I know gcroot is used for holding a refrence to a managed object in a native class, but what about using managed objects as local variables inside an unmanaged class function ?
The compiler does not seem to generate an error on this, but is it "proper" ? Does it hurt performence?
There is no such thing as a local managed object. All managed objects are stored on the heap, required to let the garbage collector do its job. You could only have a reference as a local variable. A pointer at runtime.

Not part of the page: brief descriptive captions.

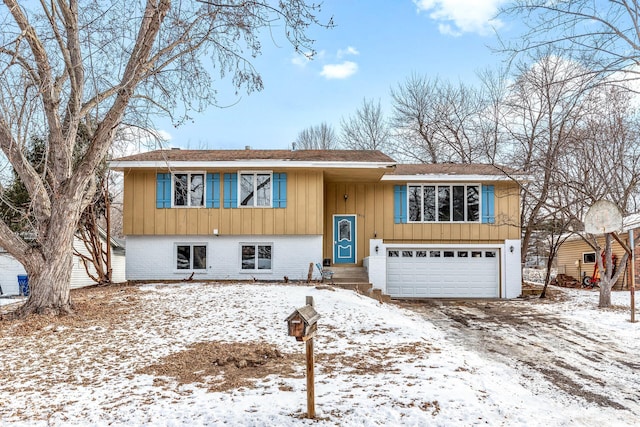 bi-level home featuring a garage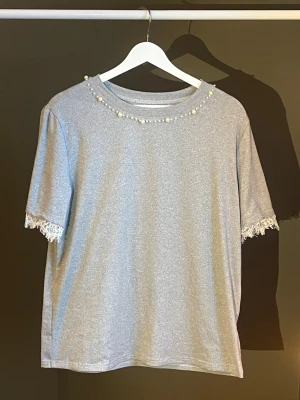 Grå topp med pärlor och spetsdetaljer - Snygg grå topp med pärlor runt halsringningen och spetsdetaljer vid ärmsluten. T-shirten har en rak passform och korta ärmar. Perfekt för dig som gillar enkla men ändå unika detaljer. Materialet känns mjukt och bekvämt. Köpt från SHEIN, aldrig använt🩶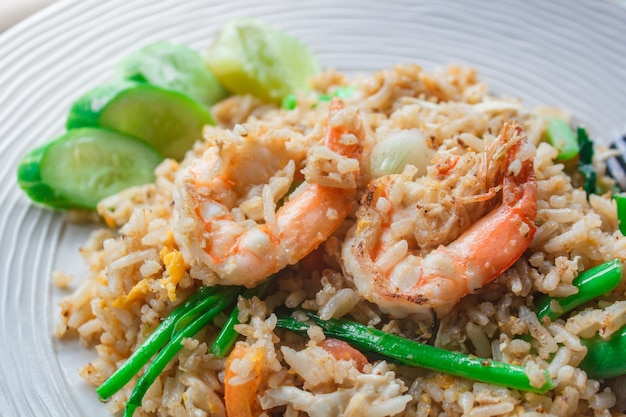 Riz frit aux crevettes sur le plat blanc.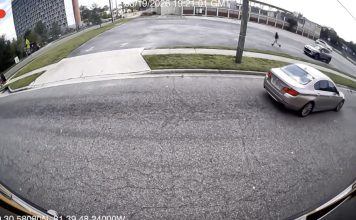 Stop-arm camera footage shows a car passing a stopped school bus on North Jefferson Street. Photo courtesy Duval County Public Schools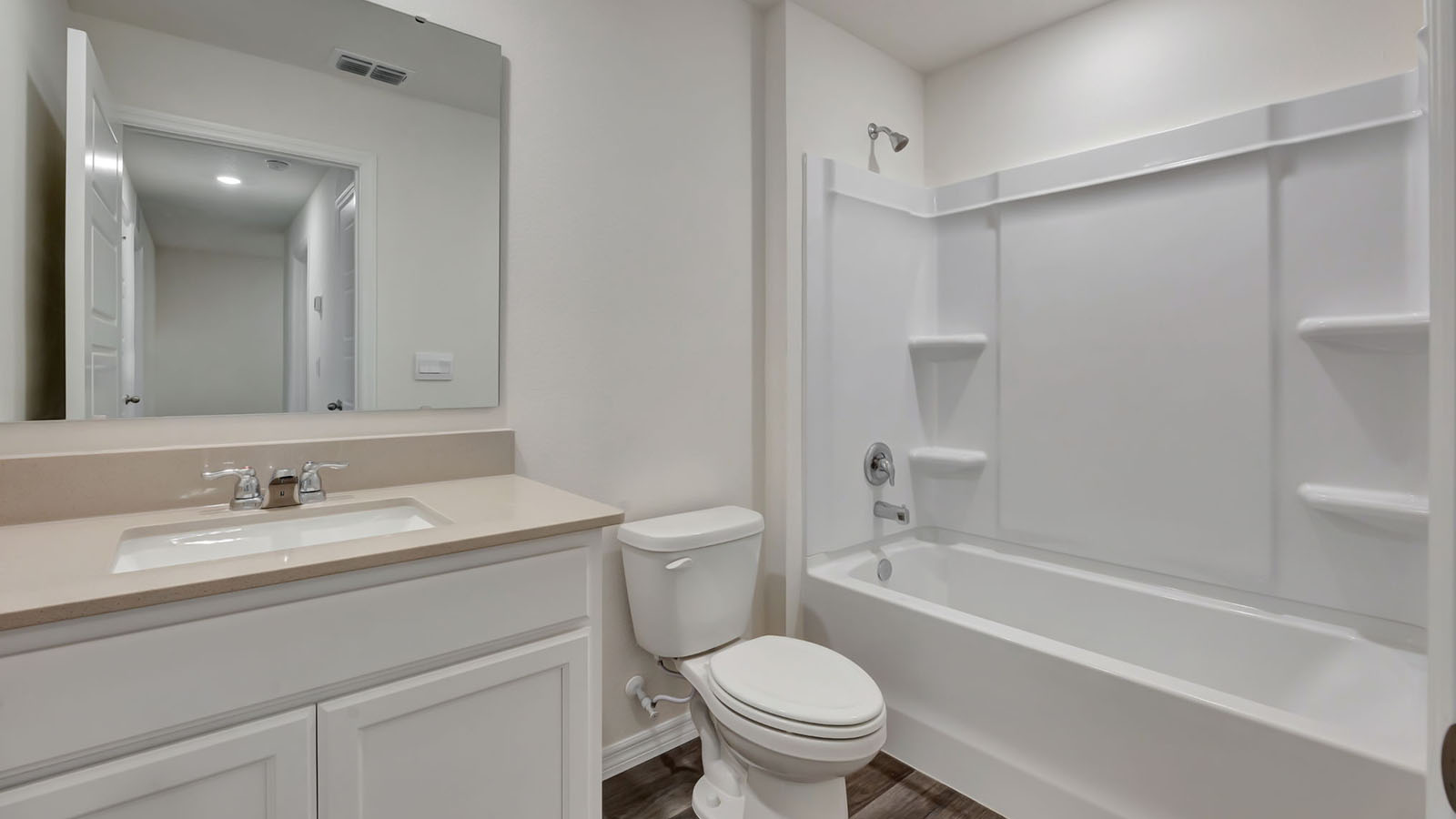 Upstairs guest bathroom with tub and shower combo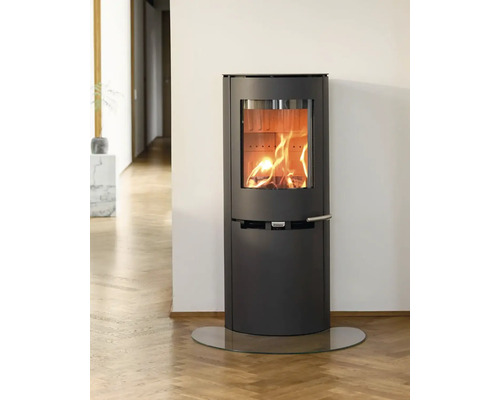 Moderner Kaminofen aus dunklem Metall mit loderndem Feuer in hellem Zimmer auf Parkettboden und einer Glasplatte.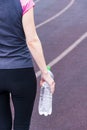 Girl with a water sleeve in her hands on the open sports arena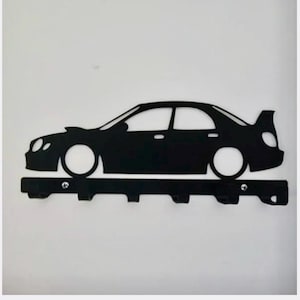 May include: A black metal wall-mounted key holder featuring a silhouette of a saloon car with a rear spoiler. The horizontal base bar includes six downward-facing hooks for hanging items and is attached with two visible silver-coloured screws.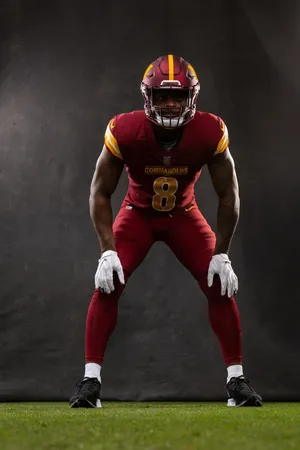 Football Player Ready Position Wallpaper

Using an managed object reference in an unmanaged function is possible if you compile that code with /clr or #pragma managed in effect. Such code will be translated to IL and gets just-in-time compiled at runtime, just like normal managed code. It won't otherwise have the characteristics of managed code, there is no verification and you'll suffer all the normal pointer bugs. And yes, it can hurt performance because such code doesn't get the normal optimizer love. The optimizer built in the jitter isn't as effective because it works under time constraints.
Compile native code without the /clr option or use #pragma unmanaged inside your code to switch the compiler on-the-fly.
Managed objects, both values of managed value types (value struct, value class, enum class) and handles to managed reference types (ref struct, ref class) can be used inside code which is compiled to MSIL.
And code that is compiled to MSIL can be part of unmanaged objects (for example, a virtual member function of a standard C++ type can be compiled to MSIL, and the Visual C++ compiler "It Just Works" technology will make sure that the v-table is set up correctly). This is extremely useful when forwarding events and callbacks produced by standard C++ code into the managed GUI world. But it is also applicable if you have an algorithm implemented in managed code (perhaps C#) that you want to call from C++.
As Hans mentions, there are performance implications of switching between MSIL and machine code generation for a particular function. But if you are sitting on a native-managed boundary, then compilation to MSIL and use of the "It Just Works" a/k/a "C++ interop" is by far the highest performance alternative.
In the documentation for com it says that it works literally with every language. Do you need to have a specific API for that language so it can interface with com, or can any language literally just use it out of box? Also do you need a special compiler? Sorry if this is a stupid question but I have never used it before, and I have been trying to find this answer. When I look at demos of com examples it all seems to access the objects in a c style syntax, are their bindings and apis for other languages (literally all)?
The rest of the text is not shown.